Distil’s full-year outturn is forecast to be in line with market expectations, following strong trading across its peak Q3 (Oct – Dec) period in what remains a highly competitive market. Despite playing up against the toughest quarterly comparative of last year, when revenue rose 71%, this Q3 delivered revenue (and volume) growth of 19%. Growth was strong across all trade channels, most notably online, albeit from a much smaller base than the On Trade and Off Trade channels. The resultant two-year quarterly growth rate is therefore the best achieved thus far this year, with Q3 revenue in the current year more than double that achieved in Oct – Dec 2015. Our full-year forecasts therefore remain unchanged.
The 19% revenue and volume growth delivered in the quarter brings the cumulative growth rates for the first nine months to 21% and 29% respectively, with marketing investment up 23%. In Q3, brand marketing increased by 11%, reflecting timing and phasing, following the 36% increase seen in H1. Growth continues to be driven by RedLeg and Blackwoods, supported by a resurgent Blavod Black Vodka, especially in Eastern Europe. These Blavod sales are licensed sales, therefore driving volume growth directly but without a commensurate benefit to the revenue line.

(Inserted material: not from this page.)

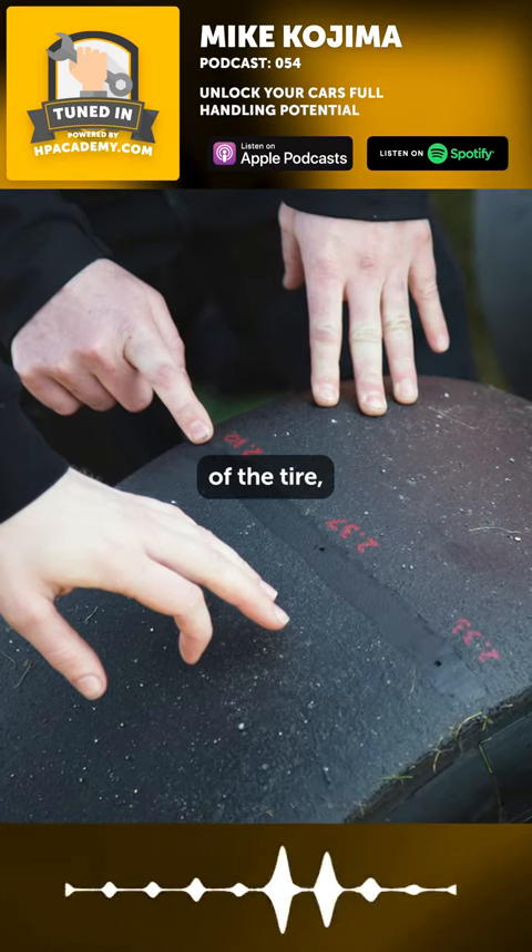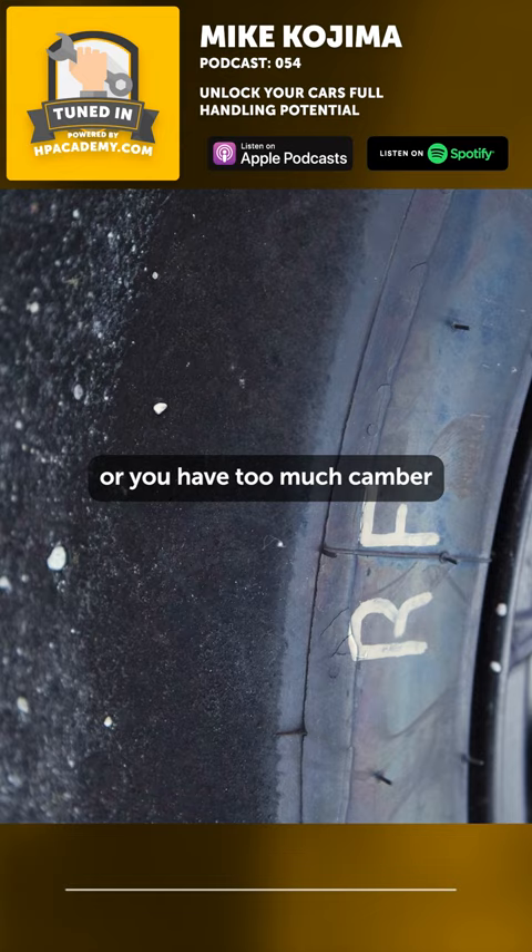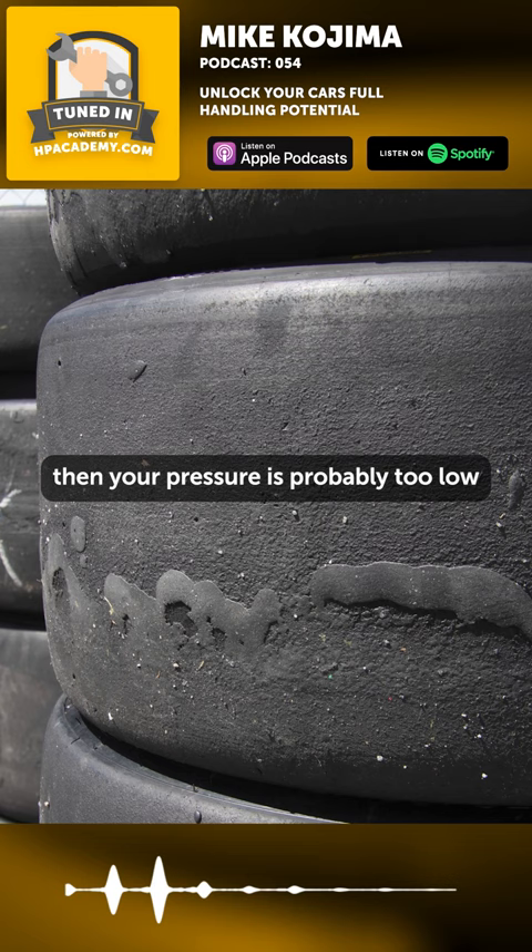You look at the shoulder of the tire, and if it's not rolling onto the shoulder a little bit, then your pressure is probably too high or you have too much camber. And if it's actually going around the corner there, then your pressure is probably too low or you're not running enough camber.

Distil has also announced increased listings of some 520 stores across four major UK retailers. These will come through in Spring, with the full-year benefit weighing in from the next FY19 fiscal year. These incremental listings have primarily reflected the broader market’s positive response to the new packaging, labelling and recipe of the Blackwoods 2017 Vintage Dry Gin. Domestic and export shipments of this new product formulation and brand presentation, including a proprietary new bottle, commence from this month.
With the development of Blackwoods complete, management attention will now turn to export markets, with a focus on combining the distribution of gin and spiced rum. Discussions are currently underway for this approach in the US with a shortlist of suitable distributors. Given a positive outlook for Q4 and the future benefits of incremental listings, our forecasts remain unchanged.